Un’operazione di propaganda per diffondere informazioni false sulle proteste di Hong Kong e gettare discredito sui manifestanti scesi in strada queste settimane per difendere l’indipendenza dalla Cina continentale. Questa l’accusa che Facebook e Twitter hanno rivolto lunedì al governo cinese dopo un’investigazione interna che ha portato rispettivamente alla rimozione di sette pagine, tre gruppi, cinque account e ben 936 account.
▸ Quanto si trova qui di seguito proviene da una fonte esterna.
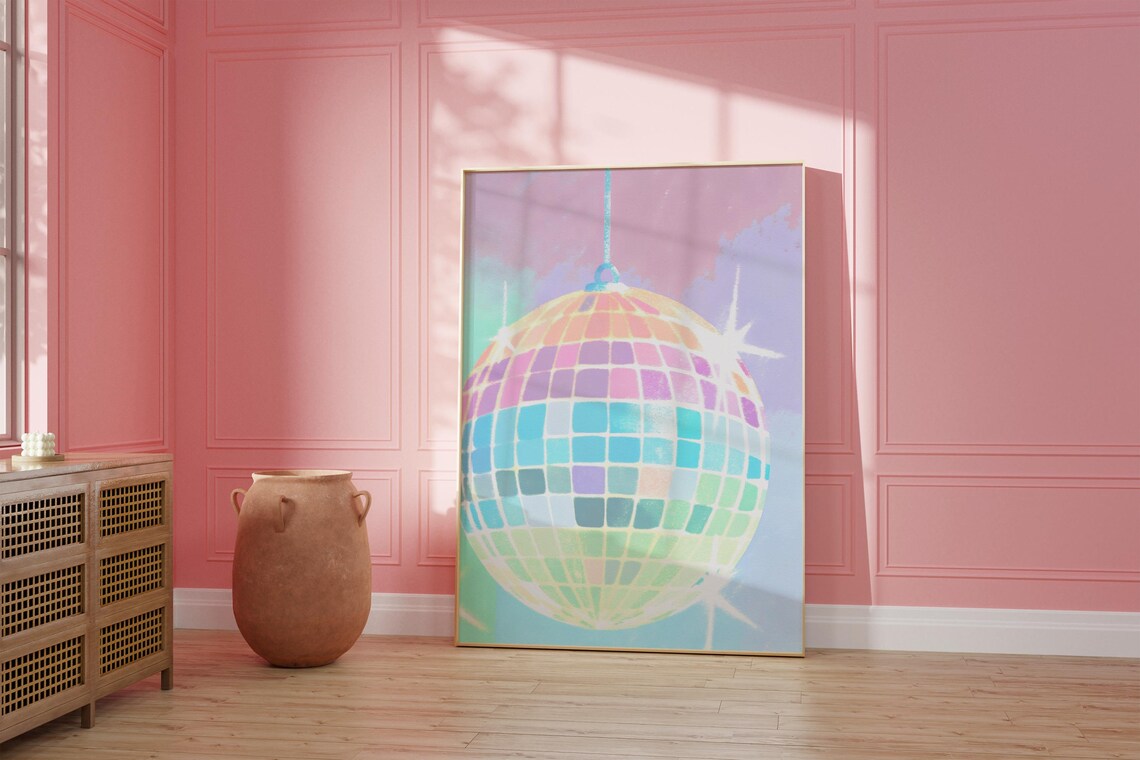 Pastel Rainbow Disco Ball Hanging in Pink Sky Music Party Poster - Image 3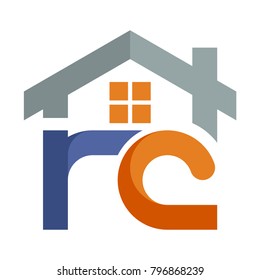 Icon logo for the construction services business development, with a combination of initials letter R & C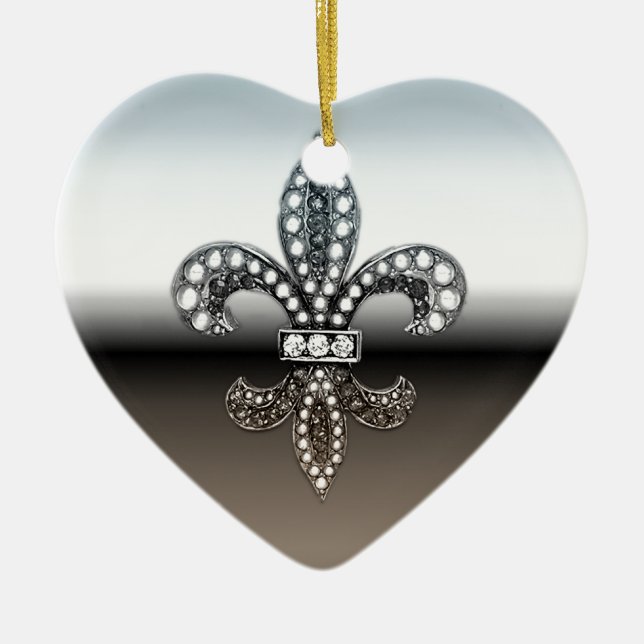 Silbernes Schwarzes Lilien-Flor New Orleans Keramik Ornament (Vorne)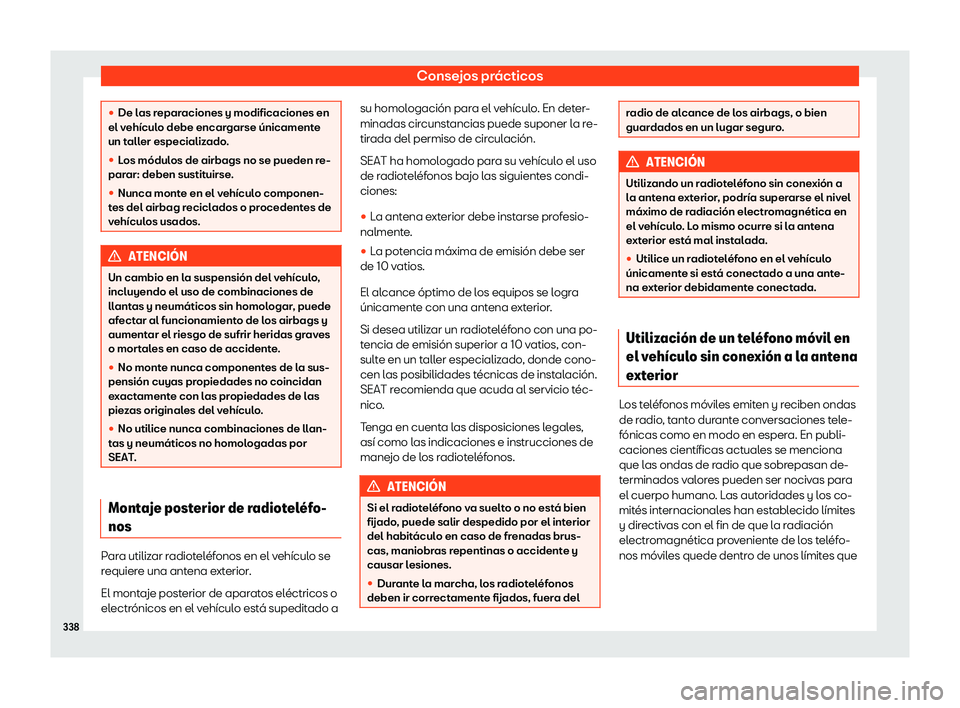 Seat Alhambra 2019 Manual del propietario (in Spanish) Consejos pr Seat Alhambra 2019 Manual del propietario (in Spanish) Consejos pr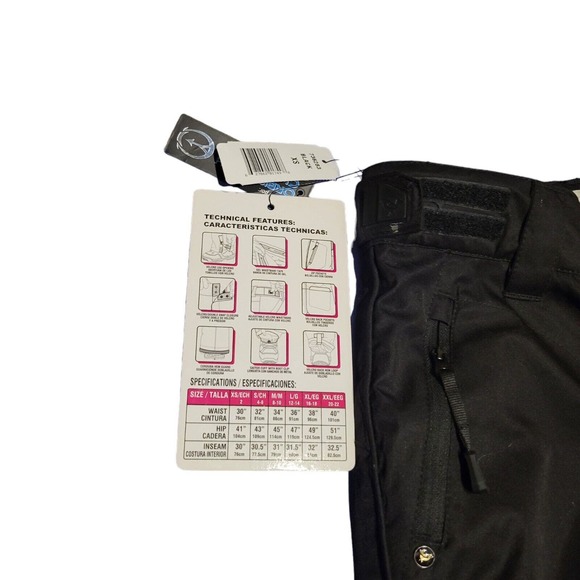 Ocean and Earth Womens Black Snowboard Ski Fleece Lined Pants XS - Picture 8 of 10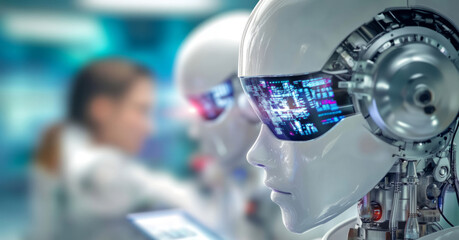 Robotic figures equipped with advanced technology showcase their intricate designs in a laboratory.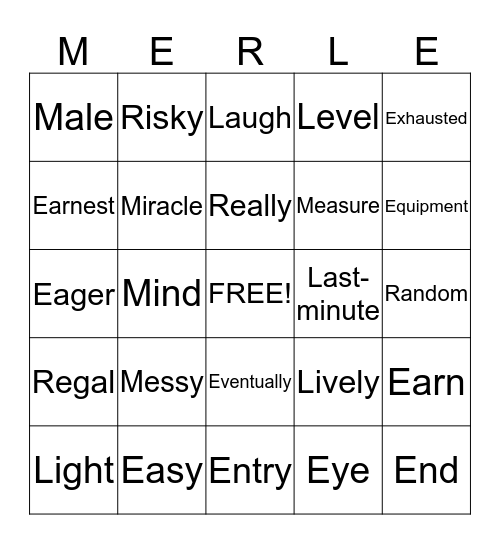 MERLE Bingo Card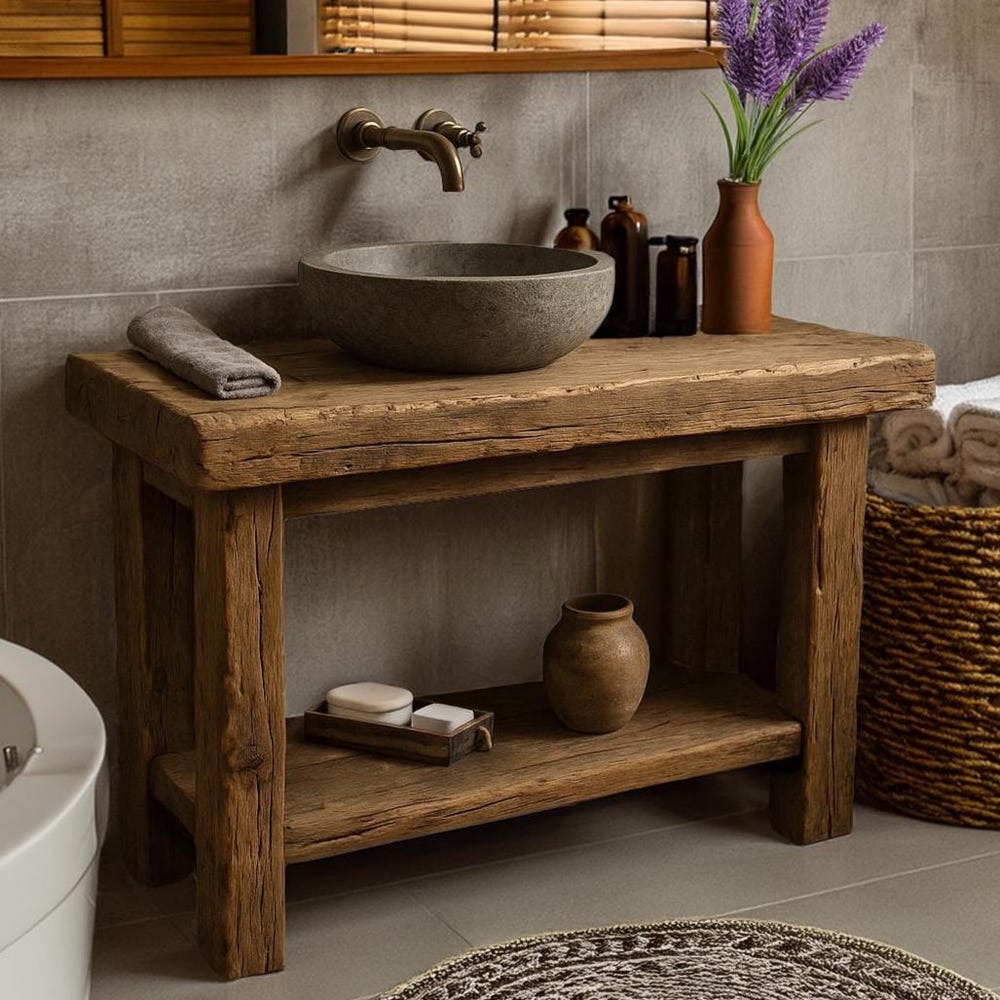 Wooden Rustic Style handmade bathroom vanity live edge solid wood cabinet sink table counter top farmhouse home decor furniture handcrafted - Image 4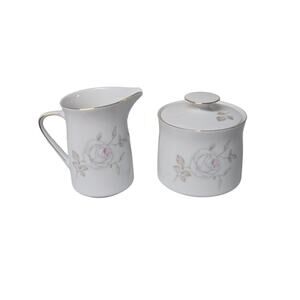Johann Haviland Porcelain Creamer & Sugar Set Floral Gold Trim Vintage 1960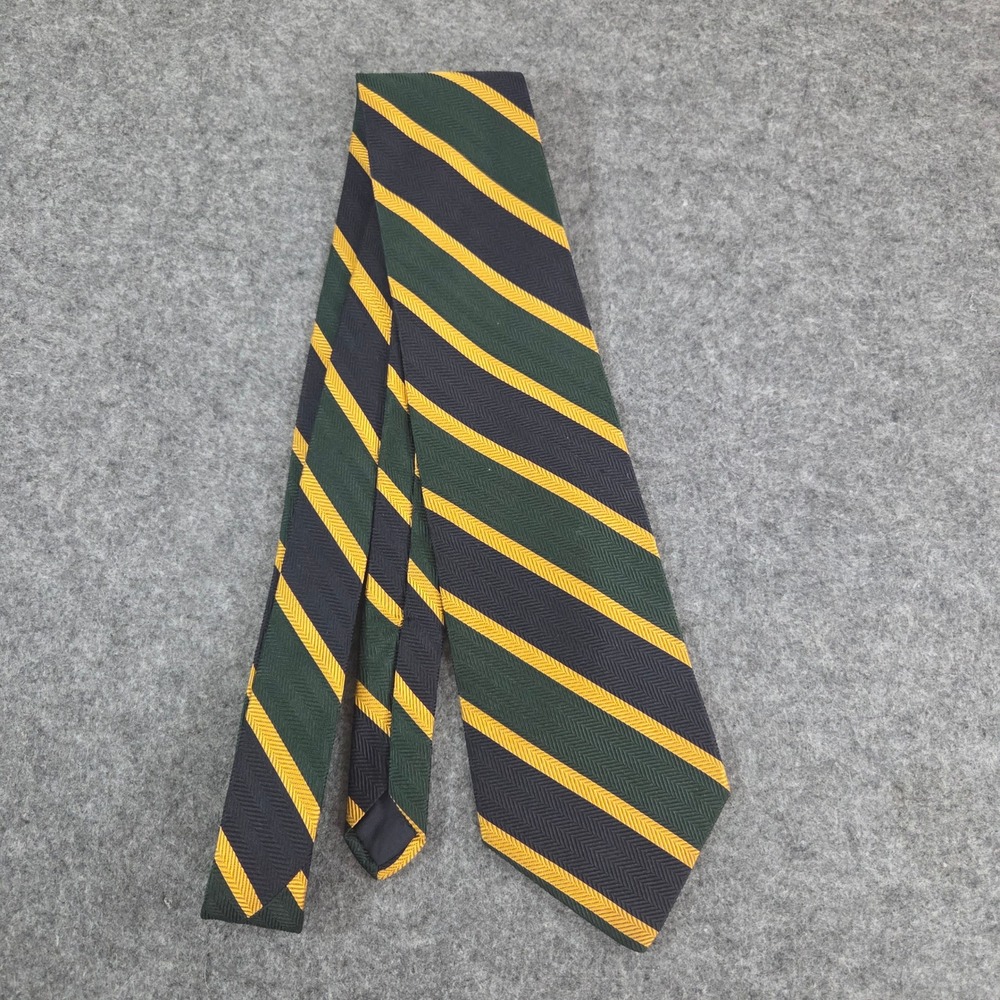 Brooks Brothers Makers Silk Tie Navy Green Yellow Repp Stripe Herringbone USA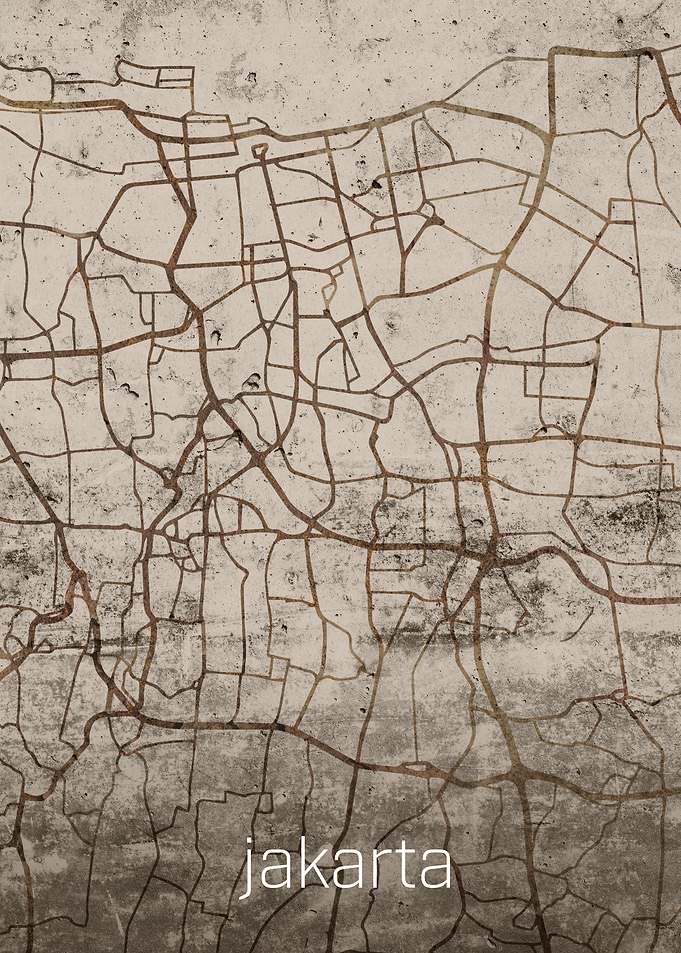 Jakarta Rusty Street Map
L’obiettivo degli account rimossi, ha spiegato Twitter in un comunicato, era “specificamente tentare di instillare discordia politica a Hong Kong, delegittimando i diritti e le posizioni politiche del movimento di protesta sceso in piazza”. L’indagine fornisce “prove attendibili che questa è un’operazione coordinata da un’entità statale”.
In Cina Twitter è vietato per legge. Così gli account incriminati, che l’inchiesta ha dimostrato provenire dalla Cina continentale, hanno utilizzato dei Vpn (Virtual private networks) per accedere. Altri invece sono stati attivati tramite indirizzi IP. I 936 account oscurati, spiega Twitter, sono solo la punta dell’iceberg, “la parte più proattiva della campagna”. Nelle scorse settimane sono infatti ben 200.000 gli account spam sospesi dalla piattaforma con le medesime motivazioni. “Operazioni sotto copertura e manipolate non hanno spazio sul nostro servizio – conclude il gigante social di San Francisco.
Più esplicite le accuse di Facebook, che nel comunicato ufficiale dell’azienda parla esplicitamente di “account coinvolti in un comportamento coordinato parte di un piccolo network originato in Cina e concentrato su Hong Kong” e conclude di aver “trovato collegamenti con individui associati al governo cinese”. Le pagine chiuse dal colosso hi-tech della California avevano una media di 15.000 followers, i gruppi di circa 2.200. Tra i contenuti più ricorrenti immagini dei manifestanti a Hong Kong immortalati in gesti di violenza contro le forze dell’ordine. Scorrendo i “meme” postati da Facebook assieme al comunicato ci si imbatte in fotomontaggi dei partecipanti alle proteste accostati ai tagliagole dell’Isis e accompagnati dalla didascalia “qual è la differenza?”. Altre immagini ritraggono chi è sceso in strada in questi giorni come “soldati scarafaggi”.
In risposta alla campagna di propaganda cinese Twitter ha annunciato un drastico cambio di policy. L’azienda, si legge in un comunicato, “non accetterà più pubblicità da entità mediatiche controllate dallo Stato”, sia “da un punto di vista editoriale che finanziario”.